◆ **How to complete this task**
Your answer must be the full set of records, copied exactly, with no pictures in it.

--- Input data ---

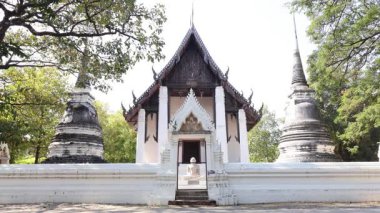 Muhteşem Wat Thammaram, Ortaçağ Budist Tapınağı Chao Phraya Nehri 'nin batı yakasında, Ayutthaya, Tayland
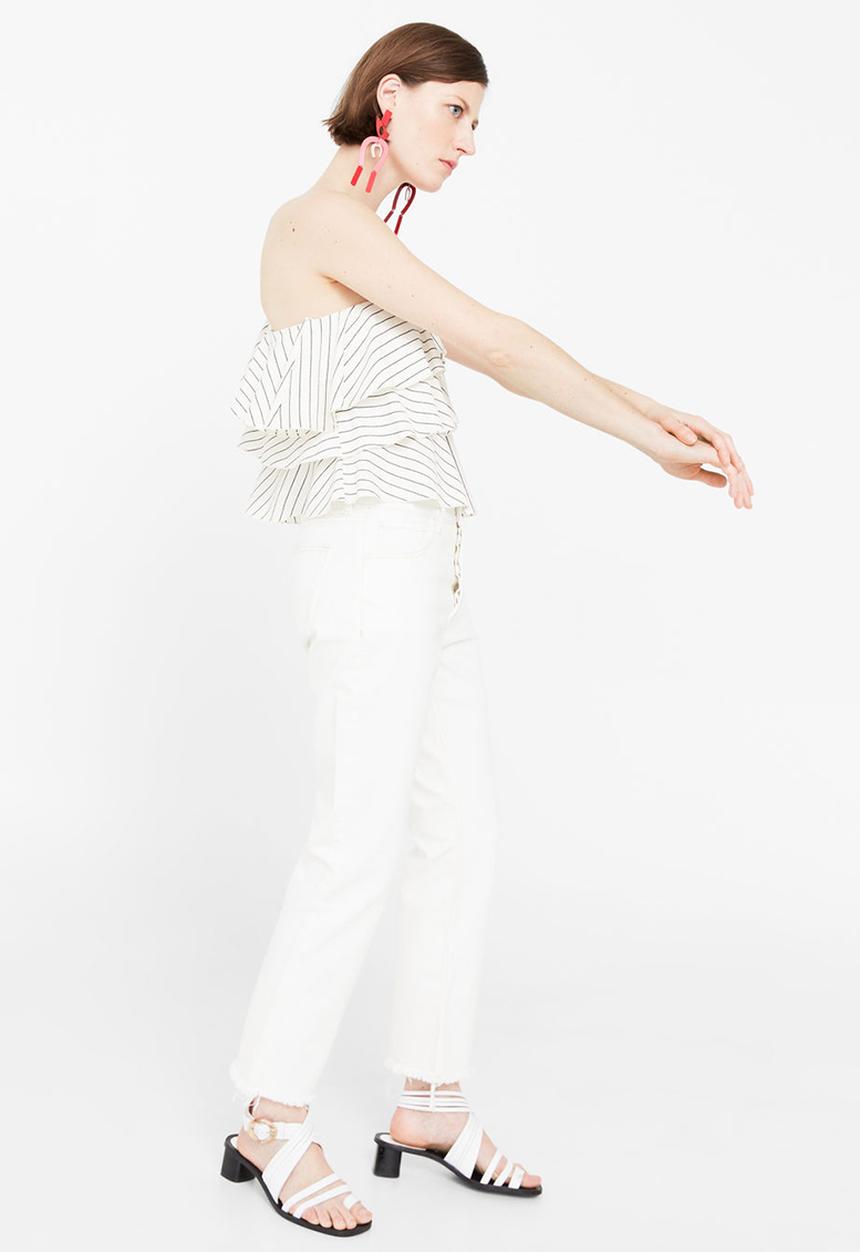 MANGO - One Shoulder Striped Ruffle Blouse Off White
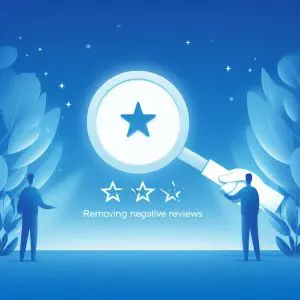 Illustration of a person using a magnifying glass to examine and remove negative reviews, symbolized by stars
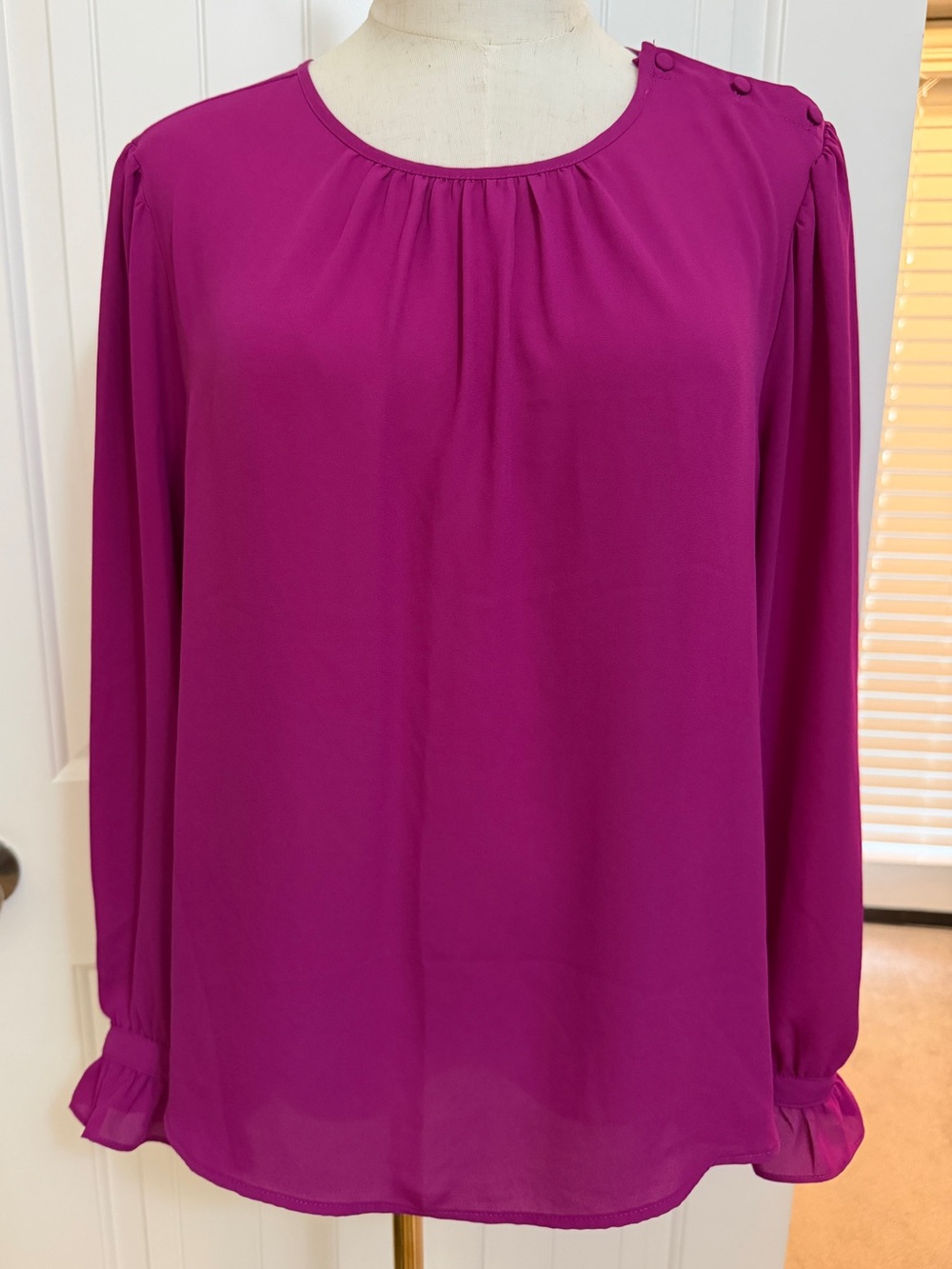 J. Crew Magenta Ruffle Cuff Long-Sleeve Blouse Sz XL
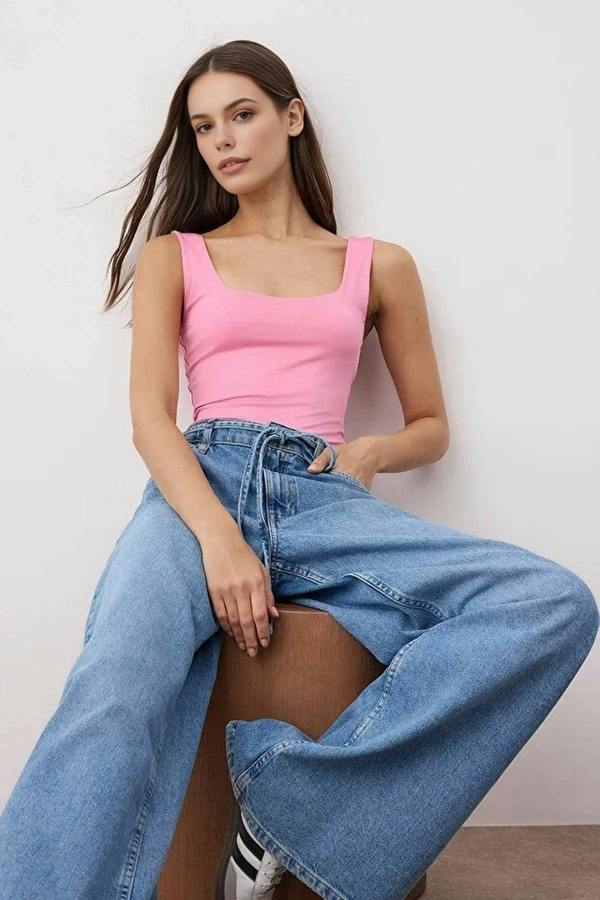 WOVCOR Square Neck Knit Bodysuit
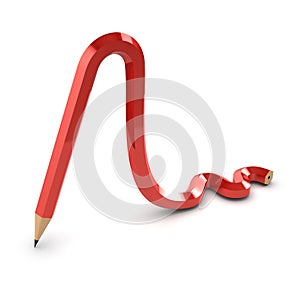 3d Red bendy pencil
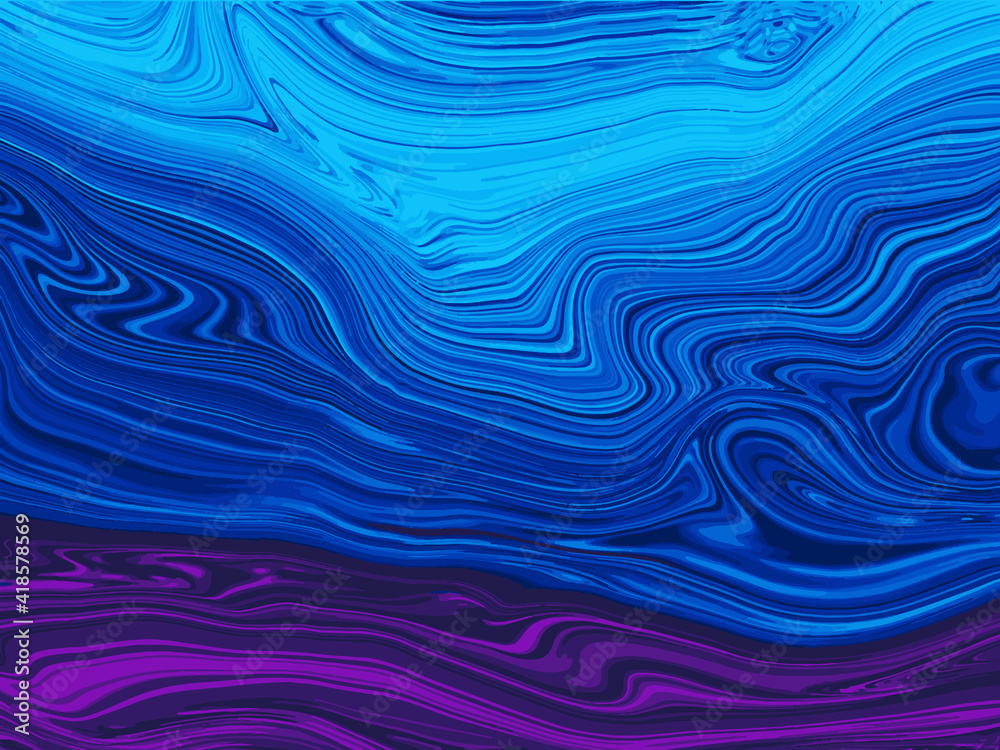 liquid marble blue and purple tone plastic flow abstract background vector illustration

---

◆ **Answer to this task**
 Muhteşem Wat Thammaram, Ortaçağ Budist Tapınağı Chao Phraya Nehri 'nin batı yakasında, Ayutthaya, Tayland
 MANGO - One Shoulder Striped Ruffle Blouse Off White
 Illustration of a person using a magnifying glass to examine and remove negative reviews, symbolized by stars
 J. Crew Magenta Ruffle Cuff Long-Sleeve Blouse Sz XL
 WOVCOR Square Neck Knit Bodysuit
 3d Red bendy pencil
 liquid marble blue and purple tone plastic flow abstract background vector illustration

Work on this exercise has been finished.